A Stunning Meditation On The Human Experience This novel is simply the finest novel ever written. The themes are universal, to a degree that they not only hold up over a century later, even for an American reader like myself, but speak directly and prophetically to the chaos and conflict of modern times. Even the great works of Tolstoy - a superb novelist and contemporary of Dostoyevsky's - in spite of their magnificent scope and brilliant historical detail, seem at times dated, dogmatic, and naïve in contrast with the brilliant insight see in The Brothers Karamazov.

As a result of the vast social convulsions in the century since the book's publication, few great 19th century writers are able to reach out to address our current concerns, as well as the universal questions of human existence, in a way that approaches the unflinching honesty and authority of Dostoyevsky.

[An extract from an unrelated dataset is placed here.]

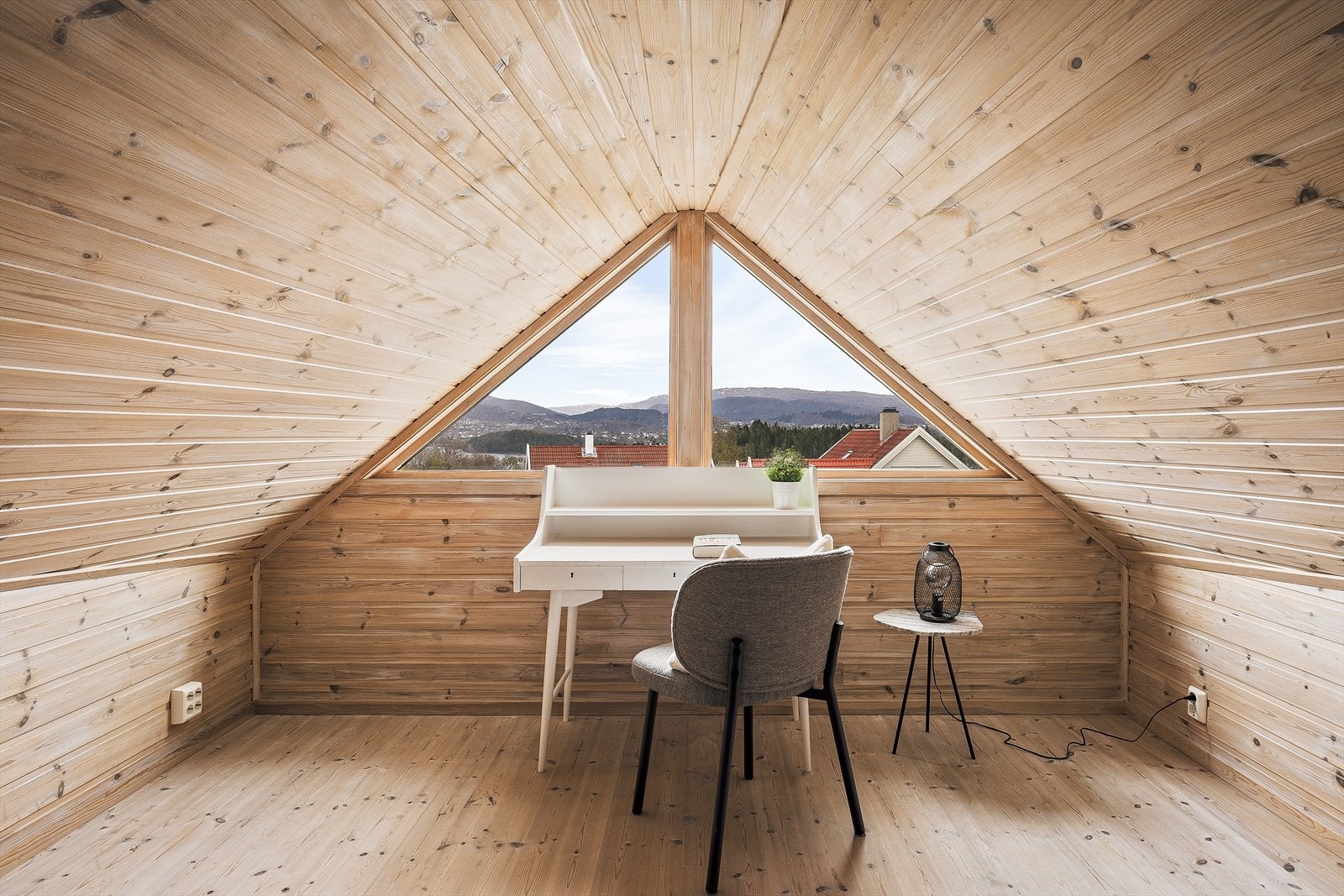 Loftet over garasjen byr på rikelig med oppbevaringsplass, og er i tillegg isolert. Galleribilde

The father and four brothers in the novel are archetypes, yet so intimately drawn that they walk and breath on the page - and for better and worse, they are people of irrepressible passion - people who confront the moral and social calamity of their times with a remarkable courage and gusto. Even when that passion becomes confused and twisted, or passes into actual depravity, they are never beaten into apathy under the unrelenting bleakness of a collapsing social order and a failing imperial state.

Through what at first glace seems exaggeration, Dostoyevsky paints an engrossing and devastatingly realistic portrait of his times, and he has been accused of exaggeration. He has been accused of being an insufferable romantic - of creating characters that are fantastic - of writing a kind of surrealistic distortion of existence employed for lurid effect. But if one goes through the book line by line it turns out that the opposite is true. It is his unflinching refusal to embellish, or prettify the world his characters inhabit, that gives his work it's disorienting quality.

He forces us to take off our rose-colored glasses, and see his world as he see's it, and this fierce vision is not for everyone; but those able to enter that vision may take away from it an understanding of life's meaning that is unequaled in fiction. Because, in spite of the patricide, the unrelenting grimness, and the omnipresent cold and deprivation that permeate this novel (and much of his other work) Dostoyevsky is determined to leave us with an appreciation of the power and endurance of the human spirit, a renewed vision of the wonder of human life, and finally, a conviction that neither the three surviving brothers nor we ourselves have passed beyond redemption.